10 Julho 2017 | 16h08

Foto: REUTERS/Jason Redmond

A Ação Direta de Inconstitucionalidade (ADI 5708), ajuizada pelo PPS para que seja afastado entendimento que criminaliza plantar, cultivar, colher, guardar, transportar, prescrever, ministrar e adquirir Cannabis para fins medicinais e de bem-estar terapêutico, deverá ser analisada diretamente no mérito pelo Plenário do Supremo Tribunal Federal.
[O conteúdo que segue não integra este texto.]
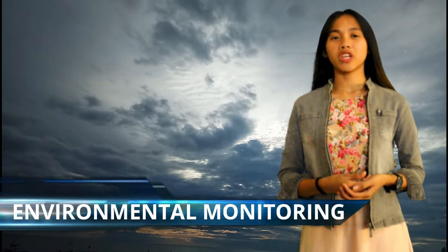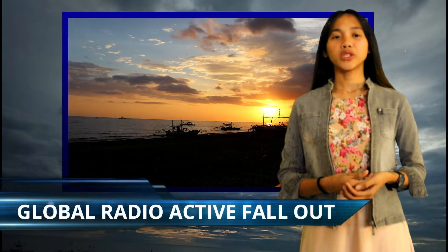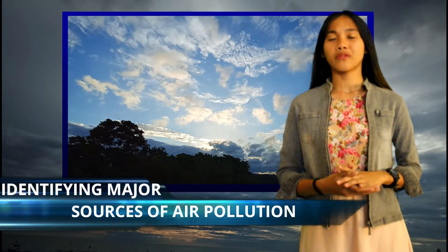Nuclear science helps in environmental monitoring of natural radioactivity and global radioactive fallout through measurement of ambient gamma radiation. Nuclear techniques are also used in air pollution research, such as identifying major sources of air pollution.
A decisão foi tomada pela ministra Rosa Weber, que dispensou a análise do pedido de liminar e aplicou ao caso o rito abreviado previsto no artigo 12 da Lei 9.868/1999.

As informações foram divulgadas no site do Supremo.

Com base inclusive em resultados de investigações científicas sobre o potencial terapêutico de substâncias presentes na Cannabis, em particular nos campos da neurologia, da psiquiatria, da imunologia e da oncologia, o PPS pede que se declare a inconstitucionalidade do artigo 28 da Lei de Drogas – Lei 11.343/2006 – e se dê interpretação conforme a Constituição aos artigos 2.º (caput), 33 (parágrafo 1.º, incisos I, II e III), 34, 35 e 36 da Lei 11.343/2006 e ao artigo 334-A do Código Penal, para afastar entendimento que criminaliza o plantio e o cultivo da planta fins medicinais e de bem-estar terapêutico.


A legenda pede que seja dado prazo à Agência Nacional de Vigilância Sanitária (Anvisa) para que ‘regulamente o uso da planta em tais hipóteses’.

Para o PPS, ‘a ausência de regulamentação específica da matéria tem voltado à ilegalidade as pessoas que buscam na Cannabis tratamento para condições de saúde e, mais recentemente, tem resultado na multiplicação de ações judiciais em que se pede o acesso a medicamentos dela derivados’.

Embora algumas pessoas tenham obtido autorização judicial para importar medicamentos elaborados a partir de extratos da planta, destaca o PPS, ainda assim são proibidas, porque a Portaria 344/1998, do Ministério da Saúde, ‘veda o uso do princípio ativo tetra-hidrocanabinol (THC), o que impede os médicos de fornecerem laudo ou receita, documento necessário para viabilizar a importação’.

Rosa Weber pede que sejam requisitadas informações à Presidência da República, ao Senado, à Câmara e à Anvisa, no prazo comum de dez dias.

Após esse prazo, os autos devem seguir para a Advocacia-Geral da União e para a Procuradoria Geral da República, para emissão de pareceres, em prazo sucessivo de cinco dias.